While it didn’t quite reach such daunting heights, it was a lot better than I was expecting. It had a fair few good gags and the interplay between the characters was still there despite the 10 year layoff. Inevitably there where some short comings however; firstly it relied far too heavily of self-reference. The very concept made that inevitable I suppose but it feels like poor writing when one has to consistently put a wrecking ball through the fourth wall to get any laughs. While Romantic Irony is generally an underused medium it is best is small doses; too much of it just feels like a copout excuse not to have to make any real jokes.
Another major quibble I had was the fact that it just didn’t feel like an episode of Red Dwarf; their was no laughter track, almost all the sets were CG and the fact that it took place on earth rather than is deep space billions of light years from anywhere made it feel wrong. Ok so the characters were the same and they had the same brilliant chemistry, but it felt like some goofy side project, rather than a continuation of the franchise.
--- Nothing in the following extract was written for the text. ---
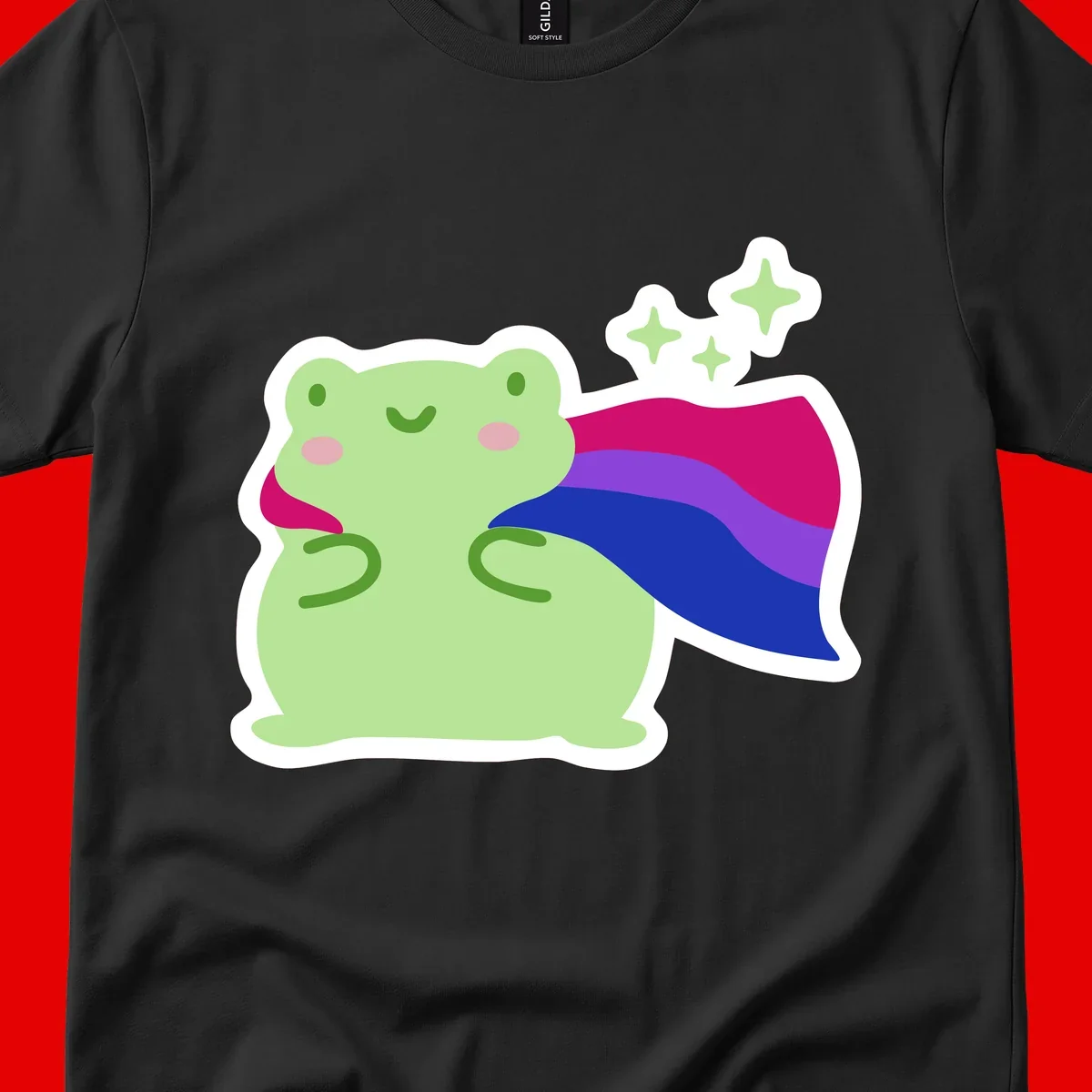 Smiling green frog wearing a flowing rainbow cape with floating sparkles, pride-frog-cape design illustration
Ever since Rob Grant left there has, inevitably, been a chance of direction to the show. I have no problem with the writers trying to take the show to new places, but it felt like too much a step away from what made the show brilliant; a human, a hologram, a robot and a highly evolved cat alone in deep space with nothing but a senile computer to keep them company. The show really worked like that and the comic styles of the writers was ideally suited to it. Granted they occasionally worked their way into different situations, but this special was a step too far into uncharted territory for the show. Some of the magic was lost on the way into the dark cesspit of the unknown.
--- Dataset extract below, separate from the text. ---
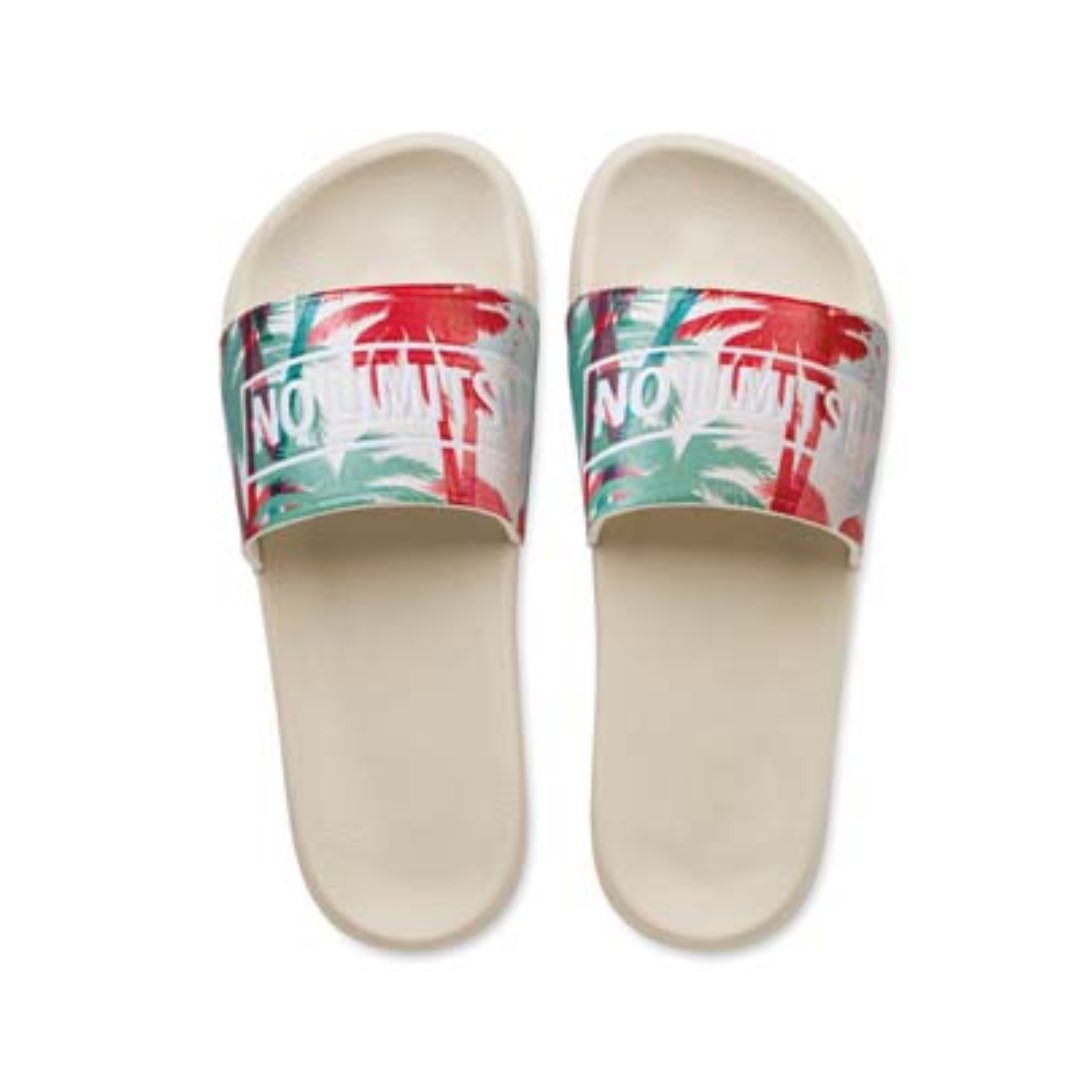Unisex slippers with logo Unisex slippers with logo in your design for the shower, beach or for daily use at home. The anti-slip EVA slipper can be printed on the PU strap with your 1 colour silkscreen logo or digitally all-over. If you are looking for a truly eye-catching result: combine a digitally printed strap with debossed outlines. Packaging: each pair is wrapped in tissue paper. Sizes 36-45.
The ending bugged me a little; it seemed like they just pulled an old story idea out of a hat, changed a few of the specifics, added a few story elements from other past shows and redressed it to look like originality. Talking lots of old things and gluing them together in a way that has not been done before is not originality. People think that Harry Potter is original, it isn’t. Not one of the ideas is new, it’s just tired old clichés put together in a new way. The storyline for ‘Back to Earth’ (the title for the special if you didn’t know) was not original. It worries me somewhat that Doug Naylor cannot think of one original idea after having 10 years off from the show. Maybe he was trying to induce nostalgia over past brilliance to excuse his lack of an original idea or many good jokes to go with it. In any case he failed.
It wasn’t all bad however. Red Dwarf has always been good at taking snippets from other films and smuggling them into the show. Ok so it’s not original, but the way they do it is fantastic. 2001 A Space Odyssey is a massive inspiration for the show; many of the monsters encountered in the show are inspired by Alien and there is even a sci-fi reimagining of Casablanca knocking around the archive somewhere. The film inspiration for this special was Blade Runner, right down to characters asking their makers for more life and big pyramid shaped building in the middle of London. While perhaps a little thick, the reference felt like good clean red dwarf and fills me with hope that the show may well be reborn. There were hints dropped like bricks off a bridge about a ninth and even a tenth series, so here’s hoping that the crew get back on Red Dwarf and give us another few series of deep space hilarity. You never know, they may even be able to tempt Rob Grant back, pigs may well fly and hell will probably freeze over.